La chapelle dédiée à St Yves a été pillée et il ne reste rien. Elle est actuellement désaffectée. Un « vitrail » peint par Eric le Ray occupe une des fenêtres restantes. Clin d’œil fort sympathique.
La fontaine était pourvue d’une statue polychrome de St Yves qui a été volée.
C’est pour cette raison qu’Eric Le Ray, fils du propriétaire, a demandé un morceau de frêne à son père (essence d’arbre existant sur le domaine) et il a sculpté un Saint-Yves, qu’on voit dans la grande salle.
Saint Yves est le saint patron de toutes les professions de justice et de droit, notamment celle d’avocat ; il est également un des saints patrons de la Bretagne.
Le manoir possède un puits rectangulaire, qui était actionné à l’aide d’une perche.

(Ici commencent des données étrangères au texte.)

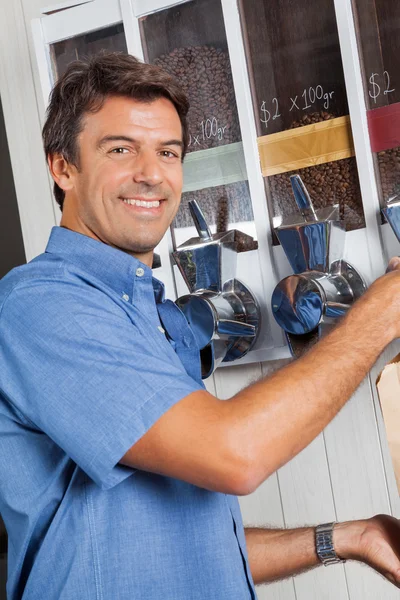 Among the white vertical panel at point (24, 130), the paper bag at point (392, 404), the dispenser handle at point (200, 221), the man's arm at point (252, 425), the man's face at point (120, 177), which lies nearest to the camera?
the man's arm at point (252, 425)

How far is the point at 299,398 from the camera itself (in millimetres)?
816

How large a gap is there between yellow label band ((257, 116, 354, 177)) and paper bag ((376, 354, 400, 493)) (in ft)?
1.27

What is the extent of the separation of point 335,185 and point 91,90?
0.37 meters

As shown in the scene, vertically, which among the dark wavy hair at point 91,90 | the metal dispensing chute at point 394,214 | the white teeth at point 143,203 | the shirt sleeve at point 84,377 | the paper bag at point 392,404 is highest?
the dark wavy hair at point 91,90

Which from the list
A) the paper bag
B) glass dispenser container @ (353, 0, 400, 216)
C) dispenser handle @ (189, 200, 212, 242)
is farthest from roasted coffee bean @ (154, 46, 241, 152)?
the paper bag

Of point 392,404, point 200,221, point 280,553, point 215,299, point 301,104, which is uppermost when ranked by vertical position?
point 301,104

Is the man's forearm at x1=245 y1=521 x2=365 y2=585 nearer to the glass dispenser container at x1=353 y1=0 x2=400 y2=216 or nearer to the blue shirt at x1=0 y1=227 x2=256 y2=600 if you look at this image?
the blue shirt at x1=0 y1=227 x2=256 y2=600

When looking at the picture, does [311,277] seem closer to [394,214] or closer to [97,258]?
[394,214]

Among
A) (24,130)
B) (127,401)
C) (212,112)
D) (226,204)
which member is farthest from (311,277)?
(24,130)

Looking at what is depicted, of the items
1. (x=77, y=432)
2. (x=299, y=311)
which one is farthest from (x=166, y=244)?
(x=77, y=432)

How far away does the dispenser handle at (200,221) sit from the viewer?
4.10 feet

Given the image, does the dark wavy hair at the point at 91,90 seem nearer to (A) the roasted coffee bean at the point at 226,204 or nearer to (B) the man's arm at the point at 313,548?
(A) the roasted coffee bean at the point at 226,204

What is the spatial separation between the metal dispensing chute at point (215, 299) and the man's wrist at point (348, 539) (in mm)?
295

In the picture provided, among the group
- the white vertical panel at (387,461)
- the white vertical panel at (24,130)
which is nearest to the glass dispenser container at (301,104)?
the white vertical panel at (387,461) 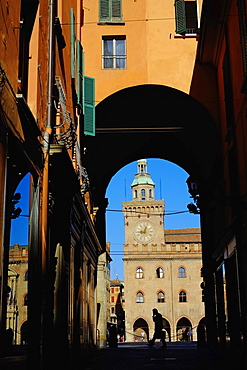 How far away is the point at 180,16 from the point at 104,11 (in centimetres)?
257

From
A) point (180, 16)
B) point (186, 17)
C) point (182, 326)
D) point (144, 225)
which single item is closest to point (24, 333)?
point (180, 16)

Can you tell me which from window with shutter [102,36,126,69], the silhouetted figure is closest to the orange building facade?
window with shutter [102,36,126,69]

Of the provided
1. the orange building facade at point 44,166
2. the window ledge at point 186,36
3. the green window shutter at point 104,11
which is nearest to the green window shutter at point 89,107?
the orange building facade at point 44,166

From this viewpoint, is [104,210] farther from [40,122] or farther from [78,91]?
[40,122]

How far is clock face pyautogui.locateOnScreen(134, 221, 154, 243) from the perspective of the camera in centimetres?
8369

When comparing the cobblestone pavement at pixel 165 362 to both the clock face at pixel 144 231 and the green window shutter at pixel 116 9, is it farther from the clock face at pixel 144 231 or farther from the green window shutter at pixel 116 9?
the clock face at pixel 144 231

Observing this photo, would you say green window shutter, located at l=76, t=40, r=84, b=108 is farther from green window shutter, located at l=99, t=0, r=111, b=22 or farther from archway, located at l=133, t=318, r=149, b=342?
archway, located at l=133, t=318, r=149, b=342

Et une rigole en granit conduisait l’eau vers le four à pain tout proche.
Le puits abriterait une cachette avec, dit-on, un souterrain qui mènerait partiellement vers Plourin. Il servait aux Seigneurs à se cacher ou à fuir en passant d’un manoir à l’autre.
Des sources d’eau existent tout autour du logis et, sur le chemin menant au manoir, il y a « le marais ». Ce qui donne une végétation luxuriante.
Un Temple, des sources, un marais, un puits avec cachette et souterrain, voilà de quoi écrire une nouvelle fantastique ou un « thriller » sur Keryar !
Le manoir possède aussi un cadran solaire : Ref à la Société astronomique de France sous le n° 29 20 801.
Avec sérieux et à la fois beaucoup d’humour Jean Claude Le Ray nous a rapporté quelques anecdotes :
- Le dernier loup de la région a été tué à Trébabu le 12 mars 1885 par un des Kersauson.
- Pendant la guerre, le manoir a abrité 150 Allemands.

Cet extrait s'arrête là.